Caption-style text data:

┄┄┄┄┄┄

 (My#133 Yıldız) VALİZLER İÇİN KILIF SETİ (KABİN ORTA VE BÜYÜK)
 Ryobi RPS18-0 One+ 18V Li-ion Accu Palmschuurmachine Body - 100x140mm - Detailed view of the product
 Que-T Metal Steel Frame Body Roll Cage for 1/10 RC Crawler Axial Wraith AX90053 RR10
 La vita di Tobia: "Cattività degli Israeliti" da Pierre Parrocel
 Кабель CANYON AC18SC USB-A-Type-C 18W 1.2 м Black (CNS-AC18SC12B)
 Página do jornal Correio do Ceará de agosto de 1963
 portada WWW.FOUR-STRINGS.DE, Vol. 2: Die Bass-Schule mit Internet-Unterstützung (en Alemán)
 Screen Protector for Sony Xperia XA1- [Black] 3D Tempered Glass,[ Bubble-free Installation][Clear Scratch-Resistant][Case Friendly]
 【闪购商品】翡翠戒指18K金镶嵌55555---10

┄┄┄┄┄┄

» Brief
Extract all of the data exactly as written.

» Exercise result
 (My#133 Yıldız) VALİZLER İÇİN KILIF SETİ (KABİN ORTA VE BÜYÜK)
 Ryobi RPS18-0 One+ 18V Li-ion Accu Palmschuurmachine Body - 100x140mm - Detailed view of the product
 Que-T Metal Steel Frame Body Roll Cage for 1/10 RC Crawler Axial Wraith AX90053 RR10
 La vita di Tobia: "Cattività degli Israeliti" da Pierre Parrocel
 Кабель CANYON AC18SC USB-A-Type-C 18W 1.2 м Black (CNS-AC18SC12B)
 Página do jornal Correio do Ceará de agosto de 1963
 portada WWW.FOUR-STRINGS.DE, Vol. 2: Die Bass-Schule mit Internet-Unterstützung (en Alemán)
 Screen Protector for Sony Xperia XA1- [Black] 3D Tempered Glass,[ Bubble-free Installation][Clear Scratch-Resistant][Case Friendly]
 【闪购商品】翡翠戒指18K金镶嵌55555---10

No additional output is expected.